U.N. Special Envoy for Syria, Staffan de Mistura, attended the conference and said that the new committee will include representatives from both the Syrian government and the opposition groups. He noted the progress made, as there has never been “the government side and the opposition actually getting involved in a discussion of a new constitution, because they were not in agreement.” Now, they have reached that point. Naser al-Hariri, the chief negotiator for the SNC, emphasized his further commitment to peace talks as long as “the constitutional committee is…consistent with U.N. resolution 2254…we will continue to work with the U.N. process in this regard.” While attempts to further the operation is commendable, it must be ensured that the Syrian opposition continues to be included. Concerns have also been raised that the talks were merely reasserting Syria’s political agenda. Prior to the event, the U.N. sought assurances that they would not circumvent the U.N. Geneva peace process. Additionally, there was no mention, at the end of the conference, of what would be the fate of the Syrian President Bashar al-Assad.

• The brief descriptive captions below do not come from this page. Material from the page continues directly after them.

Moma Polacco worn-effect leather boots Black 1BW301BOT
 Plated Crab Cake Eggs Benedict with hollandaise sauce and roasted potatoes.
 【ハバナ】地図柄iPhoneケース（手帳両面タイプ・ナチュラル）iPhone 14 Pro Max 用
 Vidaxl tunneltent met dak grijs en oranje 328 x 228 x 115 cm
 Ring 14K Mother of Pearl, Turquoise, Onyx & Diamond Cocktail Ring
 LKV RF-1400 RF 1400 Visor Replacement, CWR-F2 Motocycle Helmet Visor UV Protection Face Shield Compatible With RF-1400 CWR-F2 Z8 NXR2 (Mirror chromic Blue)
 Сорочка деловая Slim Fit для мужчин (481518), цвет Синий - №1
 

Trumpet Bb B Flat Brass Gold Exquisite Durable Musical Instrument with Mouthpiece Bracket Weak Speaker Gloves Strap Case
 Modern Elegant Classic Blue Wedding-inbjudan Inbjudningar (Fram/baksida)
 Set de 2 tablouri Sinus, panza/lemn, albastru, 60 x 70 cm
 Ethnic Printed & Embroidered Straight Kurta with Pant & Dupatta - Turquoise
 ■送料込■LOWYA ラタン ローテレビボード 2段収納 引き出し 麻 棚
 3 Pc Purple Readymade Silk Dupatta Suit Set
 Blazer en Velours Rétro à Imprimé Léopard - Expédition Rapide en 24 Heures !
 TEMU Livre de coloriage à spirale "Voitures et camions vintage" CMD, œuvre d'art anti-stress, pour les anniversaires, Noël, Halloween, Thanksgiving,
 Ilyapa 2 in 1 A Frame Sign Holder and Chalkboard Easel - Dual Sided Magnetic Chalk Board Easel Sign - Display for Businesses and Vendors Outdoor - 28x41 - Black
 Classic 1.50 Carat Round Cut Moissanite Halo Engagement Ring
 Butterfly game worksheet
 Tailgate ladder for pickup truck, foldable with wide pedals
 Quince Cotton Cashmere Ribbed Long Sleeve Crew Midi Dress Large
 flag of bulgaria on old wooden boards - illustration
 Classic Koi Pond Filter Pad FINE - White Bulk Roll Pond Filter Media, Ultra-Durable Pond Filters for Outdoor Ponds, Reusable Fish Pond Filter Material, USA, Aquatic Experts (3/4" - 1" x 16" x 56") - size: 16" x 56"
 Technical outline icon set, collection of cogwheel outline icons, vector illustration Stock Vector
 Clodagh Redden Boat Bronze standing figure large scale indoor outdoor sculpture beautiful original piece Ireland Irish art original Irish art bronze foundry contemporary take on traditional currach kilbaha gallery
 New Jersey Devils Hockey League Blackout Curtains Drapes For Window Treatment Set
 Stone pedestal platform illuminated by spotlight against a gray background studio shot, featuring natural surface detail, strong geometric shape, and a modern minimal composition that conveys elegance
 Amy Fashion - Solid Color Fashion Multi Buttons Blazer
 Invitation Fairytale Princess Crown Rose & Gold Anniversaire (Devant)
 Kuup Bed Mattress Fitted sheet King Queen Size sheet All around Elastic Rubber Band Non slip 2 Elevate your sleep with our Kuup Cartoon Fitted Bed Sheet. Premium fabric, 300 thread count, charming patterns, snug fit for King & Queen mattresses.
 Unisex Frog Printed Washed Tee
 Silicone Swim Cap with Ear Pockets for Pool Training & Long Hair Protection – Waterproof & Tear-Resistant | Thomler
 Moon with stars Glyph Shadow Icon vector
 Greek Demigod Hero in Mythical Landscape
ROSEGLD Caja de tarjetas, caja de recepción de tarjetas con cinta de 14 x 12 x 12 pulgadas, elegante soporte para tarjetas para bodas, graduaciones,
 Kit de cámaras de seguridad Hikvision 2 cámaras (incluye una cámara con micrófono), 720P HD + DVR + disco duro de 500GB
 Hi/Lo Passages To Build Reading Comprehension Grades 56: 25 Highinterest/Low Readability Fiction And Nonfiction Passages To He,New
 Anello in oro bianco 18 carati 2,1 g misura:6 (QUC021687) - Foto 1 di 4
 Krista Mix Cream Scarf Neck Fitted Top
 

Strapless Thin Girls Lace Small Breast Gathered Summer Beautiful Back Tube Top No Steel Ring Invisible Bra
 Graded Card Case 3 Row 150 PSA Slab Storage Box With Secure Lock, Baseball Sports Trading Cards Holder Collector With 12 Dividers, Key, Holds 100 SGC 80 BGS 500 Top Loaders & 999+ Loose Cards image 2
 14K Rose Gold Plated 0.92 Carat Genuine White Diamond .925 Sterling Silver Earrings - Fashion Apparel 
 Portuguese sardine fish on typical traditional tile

In November of last year, the talks were announced by Russian President Vladimir Putin to draw-up a “framework for the future structure of the state.” Western countries such as the United States, France and Britain were not in attendance, supporting only the U.N. Geneva peace process, which has made little progress in the Syrian conflict. Russia has been a strong supporter of Assad’s regime and President Putin has been recently asserting a role as a Middle East peace broker.
Staffan De Mistura stated that “I will be indicating as soon as possible – because Syria cannot wait – how I intend to proceed.” It is undeniable that Syria does not have the luxury of time. Just three days ago at least 35 people were killed in airstrikes that were carried out in the Idlib Province during the talks. Increased efforts to achieve peace are essential to ending the suffering of the Syrians.